What exactly is NVIDIA Tesla and CUDA?

I'm doing some research on GPGPU and currently struggle with the question what Tesla and CUDA really are. In the paper "NVIDIA Tesla: A unified Graphics and Computing Architecture" it says that the Tesla architecture was introduced with the GeForce 8800. With further reading I was convinced that it is an overall architecture for graphic cards of NVIDIA. Unfortunately this is not really the case. On http://www.nvidia.com/object/why-choose-tesla.html they explicitly seperate GeForce, Quadro and Tesla. And how is all that related to CUDA? Is it just the extension for general computations on GPUs supported by the hardware with Cuda-C? The concept of SM, SIMT, Thread synchronization, Shared Memory, Warp etc. to what is that related? CUDA? Tesla? Furthermore http://nvidia.custhelp.com/app/answers/detail/a_id/2133/~/what-is-the-difference-between-tesla-and-cuda%3F mensions out that Tesla is a family of products designed for high-performance computing and CUDA is only software. Can someone clearify that pls?

Solution

Nvidia unfortunately uses the "Tesla" name for two different things:

It is the code name for the architecture used by GeForce 200 series GPUs.
Nvidia also subsumes their high performance computing lineup under the marketing name Tesla.

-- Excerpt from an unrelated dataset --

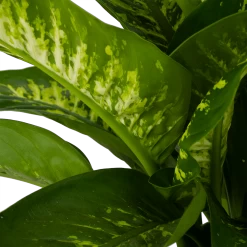 Dieffenbachia Seguine Tropic Snow - P24 H90 - Kamerplant -Kamerplanten Winkel dieffenbachia seguine tropic snow p24 h90 2 4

CUDA is the name for the software that allows to do general purpose computations on Nvidia GPUs.

SM, SIMT, Thread synchronization, Shared Memory, Warp etc. really refer to aspects of the hardware architecture used by Nvidia GPUs for the past 10 years or so. However you will come across them a lot when programming with CUDA as the programming model closely reflects these hardware aspects for maximum performance.